Well to be fair...
...unexpected thermal throttling isn't quite on the same level as parts melting (and then blaming the customer).
I feel like they're both pushing the limits of what's sensible with 350W+ sustained power draw.
AMD may have spoken too soon when it roasted Nvidia a couple months ago over the melting cable issue of the rival GeForce RTX 4090 graphics cards. That's because the Ryzen-shine designer is now faced with multiple reports of an overheating issue with its own reference design for its new Radeon RX 7900 XTX graphics card. AMD …
Any desktop computer part other than a PSU that pulls >300W stretches the definition of sensible.
If this kind of power draw is to be commonplace then an evolution of ATX to something using bars rather than cables would be beneficial. Declutter the case and reduce resistance on critical power flow routes within the system.
Apple's thirsty G5 towers used bars for this reason.
The shift to ATX12V in PSU potentially offers some options around the idea.
On the other hand: one failure mode tanks performance, while the other one might burn down your house.
If I had to be stuck with one of these cards, I'd rather it be the one that fails safely, thank you very much.
I'd recommend watching the videos by der8auer who really dove deep here. It seems Igor's Lab found it, but the former ripped a number of cards apart (including ones he bought from people reporting the issue).
It's looking like the vacuum chambers may be the culprit - which would mean full on recall territory, not just a "few" RMAs.
Heat pipes used in graphics cards are essentially vapour chambers.
They contain liquid that evaporates then condenses back to a liquid to efficiently move the heat.
It seems there is a design flaw that is apparent on some (not all) cards. Where it is assumed that the gas is not condensing again or some such so that the heat pipes are not working properly.

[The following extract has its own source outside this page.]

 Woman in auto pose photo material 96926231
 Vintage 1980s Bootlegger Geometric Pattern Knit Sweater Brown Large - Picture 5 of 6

Too much / not enough coolant or just design. We will know when AMD find the cause.
I was just going to post a mea culpa. Watched the original in German, then again in English.
Yes, it's "vapor chamber" - oops! Roman at several points refers to vacuum and how the structure of the chambers acts as support to prevent it getting crushed, so apparently I got that mixed up in my aging brain.
basically some liquid evaporates in the hot area carrying away some heat, it then moves to a colder area and condenses, releases the heat, the liquid then travels back to the hot area and the cycle repeats. All very clever with no moving parts. However if the whole thing gets hot enough that the liquid doesn't condense then it stops working and just gets hotter and hotter until enough heat is removed and the liquid can condense again. Also if its not designed correctly so that the condensed liquid flows back into the hot area then it'll stop working (needs to work whichever way the vapour chamber is orientated, some experiments show the cards run cooler when mounted vertically rather than horizontally).
I'm no expert but it sounds like the former issue can be solved by setting the amount of liquid and the air pressure in the chamber so that the liquid always condenses over the desired temperature ranges (but you have to make sure it still evaporates at the lower end of your temperature range too). The latter issue is down to the design of the chamber itself and could be harder to fix.
I watched the derBauer video and was impressed by the thoroughness of his investigation. I found it on the EXTREME TECH web site which included this: "Interestingly, fellow overclocking YouTuber Igor from Igor’s Lab has also chimed in according to Videocardz. He said he spoke with an AMD partner that agrees with De8auer, it’s the vapor chamber. This partner reportedly said a batch was made with an insufficient volume of liquid in the chamber." And this statement from AMD: We are working to determine the root cause of the unexpected throttling experienced by some while using the AMD Radeon RX 7900 XTX graphics cards made by AMD. Based on our observations to-date, we believe the issue relates to the thermal solution used in the AMD reference design and appears to be present in a limited number of the cards sold. We are committed to solving this issue for impacted cards. Customers experiencing this unexpected throttling should contact AMD Support.
AMD has one thing going for them - very pro-active troubleshooting and diving into figuring out (with the help of third parties) what the problem is... unlike NVIDIA who by accounts just shrugged and said "User error, plug your cable in right".
Either way, the smug neener-neener behaviour from AMD certainly has come home to roost... I hope the PR people won't be jumping up and down in glee next time something happens to NVIDIA (or any other competitors).
"AMD has one thing going for them - very pro-active troubleshooting and diving into"
That's because a fix won't cost them much. Replacing expensive hardware is.. expensive.
Don't get me wrong, I'm an AMD fan (on some Ryzen system now). I'm also an Nvidia fan and user.
They are both excellent and serious companies.